Projects putting fish to work have become increasingly vital. According to the Washington, D.C.-based Census of Marine Life, which is spearheading the OTN proposal, as many as one million species of higher organisms in the oceans have never been described in scientifically peer-reviewed papers or officially recognized in zoological literature — just one indication of how little is known about the animals inhabiting the waters.
At the same time, scientists contend that 90 per cent of the world's large fish are gone as the result of industrial overfishing globally. Overfishing and climate change are altering the oceans and their populations, but scientists aren't certain to what extent. Tagging will provide new information that could help them restore balance to the challenged environment.
“We don't know what's in the ocean,” Dr. O'Dor says. “Everything is changing. We depend more and more on protein from the ocean to feed people and we depend on the ocean as a source of oxygen. There's a whole lot of what we call essential services, ecosystem services, that come from the ocean.
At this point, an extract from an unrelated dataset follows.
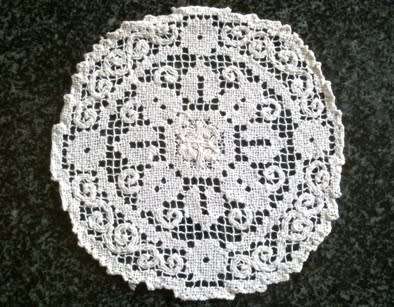 Collection of hand knotted lace doilies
We just feel the time had to be now.”
Researchers on seven continents taking part in the OTN agree. Already, Chile, Japan, South Africa and Europe are interested in the project. And Spain and Morocco are willing to place a line of receivers to read data collected by tagged fish across the Strait of Gibraltar.
Ultimately, all of the network's participants believe the project will offer new value in terms of fisheries management, both for sustainable management and for conservation of at-risk species. Tagging will assist researchers in understanding where fish travel, providing countries with information that could help them do everything from allocating fish quotas to closing fisheries if necessary.
Now, Dr. O' Dor and his fellow scientists need to sell OTN to the Canada Foundation for Innovation, which will make a decision in December as to whether they'll provide $35-million to kick-start the program.
The seeds of OTN started with Dr. Welch, a marine scientist who runs a private consulting company. Inspired by low-voltage, low-current electronics of the sort used by cellphone companies, he and a team of scientists surgically implanted small acoustic tags into the abdominal cavities of salmon and placed what they call “acoustic curtains” — soda-can-sized receivers — in a line along the sea bed in 2001.